**TASK TO CARRY OUT:**
Copy exactly, beginning with the line holding "Jacobine Das Gupta" and ending with the final line of the data beneath this task; copy nothing else, and leave out every picture.

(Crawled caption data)

↓

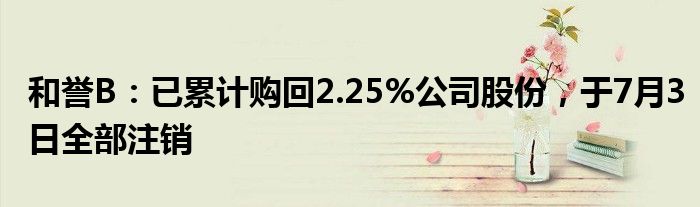 和誉B：已累计购回2.25%公司股份，于7月3日全部注销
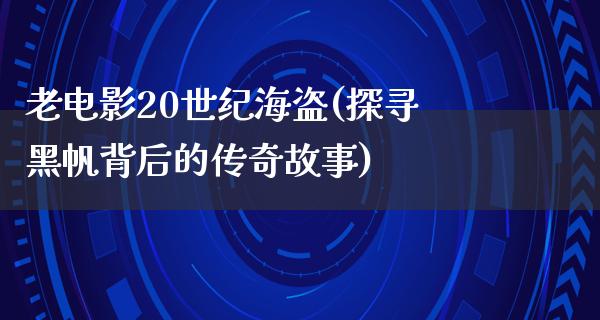 老电影20世纪海盗(探寻黑帆背后的传奇故事)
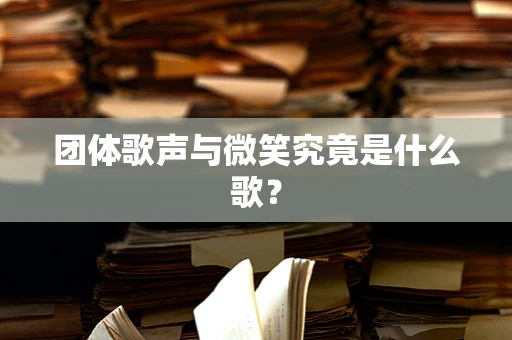 团体歌声与微笑究竟是什么歌？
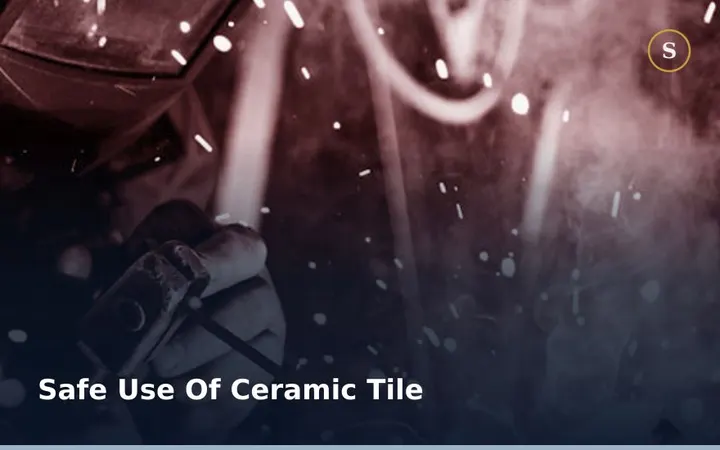 SAFE USE OF CERAMIC TILE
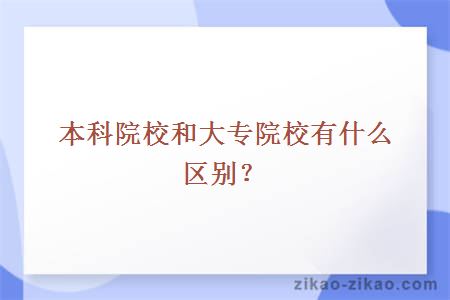 本科院校和大专院校有什么区别？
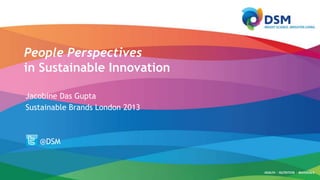 People Perspectives
in Sustainable Innovation
Jacobine Das Gupta
Sustainable Brands London 2013

@DSM

 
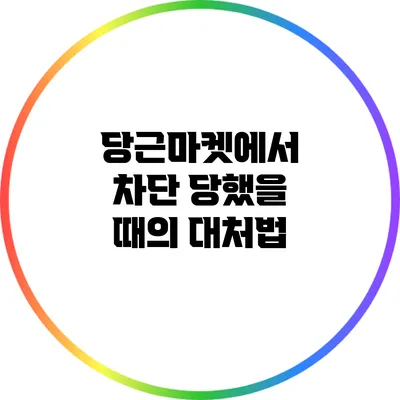 당근마켓에서 차단 당했을 때의 대처법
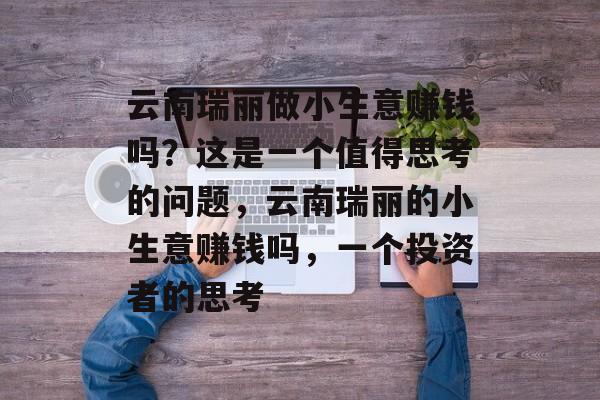 云南瑞丽做小生意赚钱吗?这是一个值得思考的问题,云南瑞丽的小生意赚钱吗,一个投资者的思考 云南瑞丽做小生意赚钱吗?这是一个值得思考的问题,云南瑞丽的小生意赚钱吗,一个投资者的思考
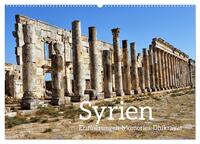 Syrien Erinnerungen Memories Dhikrayat (Wandkalender 2025 DIN A2 quer), CALVENDO Monatskalender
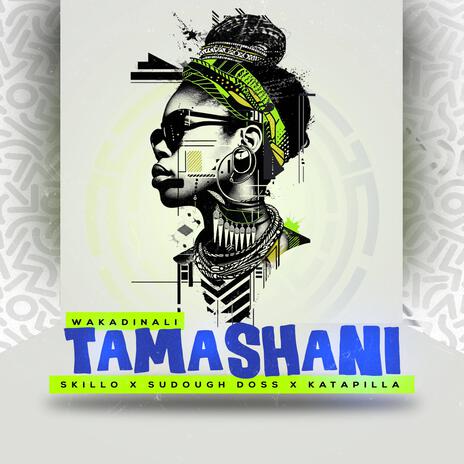 Tamashani ft. Skillo, Sudough Doss & Katapilla | Boomplay Music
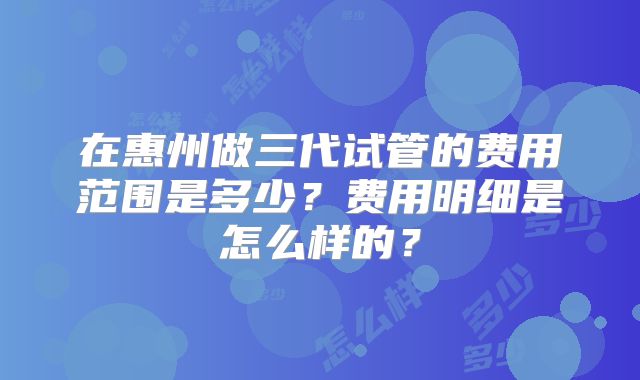 在惠州做三代试管的费用范围是多少?费用明细是怎么样的?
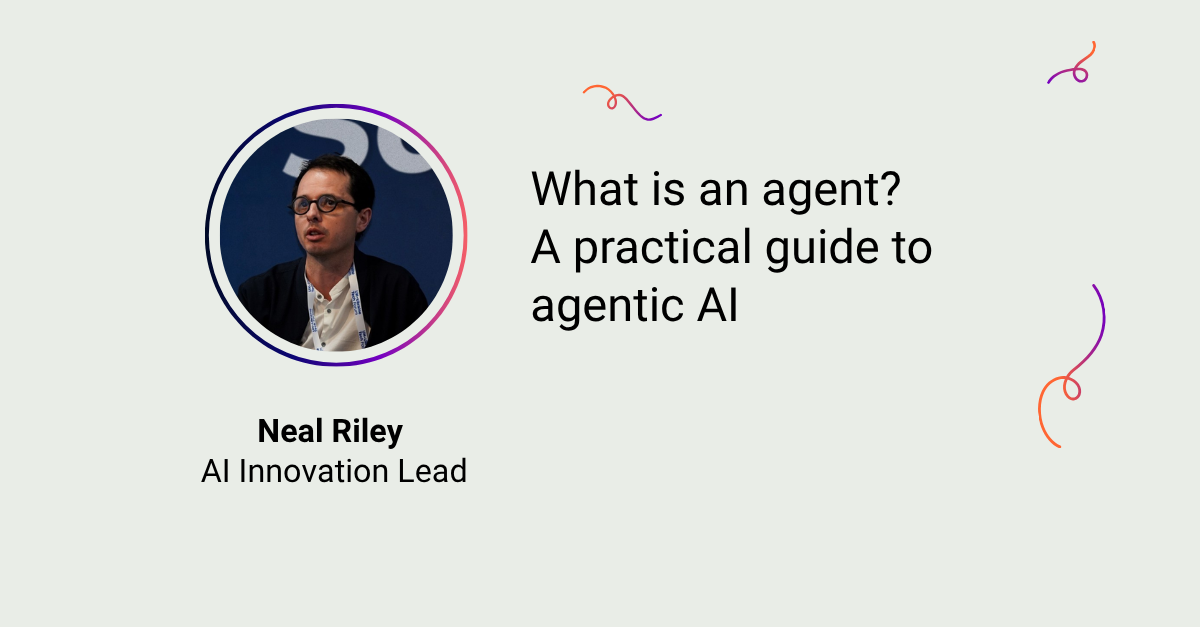 Neal Riley alongside the title “What is an AI agent? A practical guide to agentic AI” and The Adaptavist Group logo.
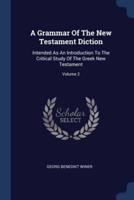 A Grammar Of The New Testament Diction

↑

**RESPONSE:**
Jacobine Das Gupta
Sustainable Brands London 2013

@DSM

 
 당근마켓에서 차단 당했을 때의 대처법
 云南瑞丽做小生意赚钱吗?这是一个值得思考的问题,云南瑞丽的小生意赚钱吗,一个投资者的思考 云南瑞丽做小生意赚钱吗?这是一个值得思考的问题,云南瑞丽的小生意赚钱吗,一个投资者的思考
 Syrien Erinnerungen Memories Dhikrayat (Wandkalender 2025 DIN A2 quer), CALVENDO Monatskalender
 Tamashani ft. Skillo, Sudough Doss & Katapilla | Boomplay Music
 在惠州做三代试管的费用范围是多少?费用明细是怎么样的?
 Neal Riley alongside the title “What is an AI agent? A practical guide to agentic AI” and The Adaptavist Group logo.
 A Grammar Of The New Testament Diction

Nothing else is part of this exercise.